Scientists Make HIV T-Cells Breakthrough
Posted on: Monday, 21 August 2006, 12:00 CDT
In a discovery that could suggest a new avenue for drug development, scientists working at the epicenter of the AIDS epidemic in South Africa have discovered how HIV 'exhausts' killer T-cells that would otherwise attack the virus.
The researchers found that HIV can simply 'turn off' fully functional T-cells by flipping a molecular switch on the cells. In test tube studies, however, the scientists showed that they could reinvigorate the killer T-cells by blocking that inhibitory switch, which is called programmed death-1 (PD-1). The findings by the researchers were published in the journal Nature.
The study's senior author, Bruce Walker, a Howard Hughes Medical Institute researcher at Massachusetts General Hospital, said that clinical testing of drugs that block the PD-1 switch could begin very soon, since such drugs exist already.

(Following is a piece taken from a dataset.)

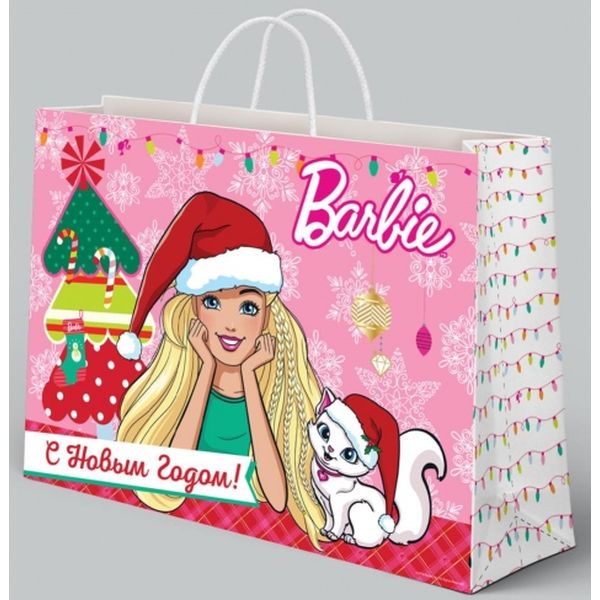 Веселый праздник. Barbie. С Новым Годом! Пакет подарочный 46х61х20см, бум., в пак. уп-12шт в кор.6уп (Вид 1)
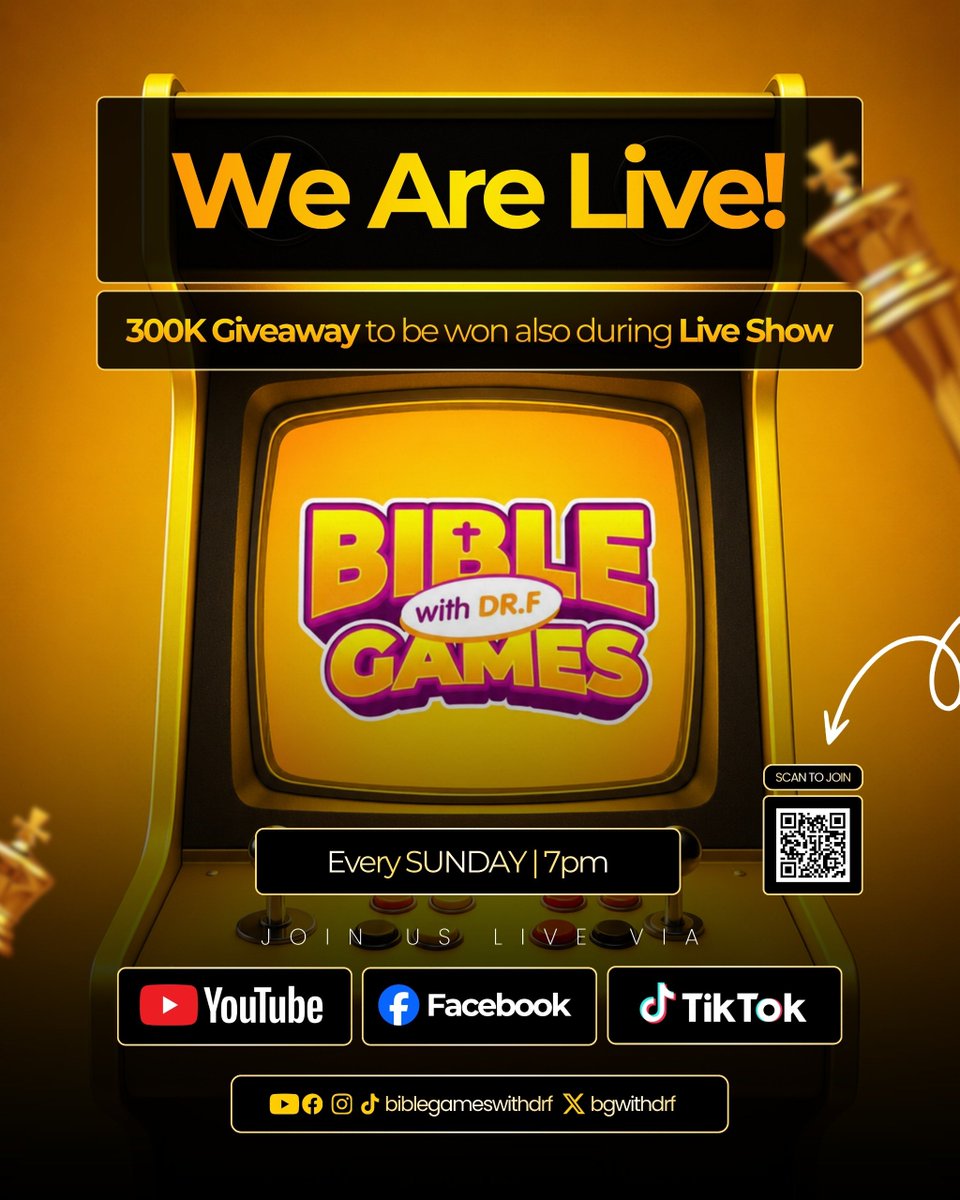 bgwithdrf's tweet photo. Get ready to join us on the Live Show this Sunday for another exciting episode of Bible Games With Dr.F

However, Mr Walker also cautioned that these kinds of drugs could cause serious side effects, including autoimmune reactions that trigger the immune system to attack the body. Mr Walker added that the researchers' findings are also likely to have application in understanding other chronic viral diseases.
"It's long been known that people with HIV infection have a lot of HIV-specific immune cells that one would think would be actively combating the virus," said Mr Walker. "But a major puzzle has been that even in late-stage illness, when one can still measure great numbers of these immune cells, they don't seem to be controlling the virus at all."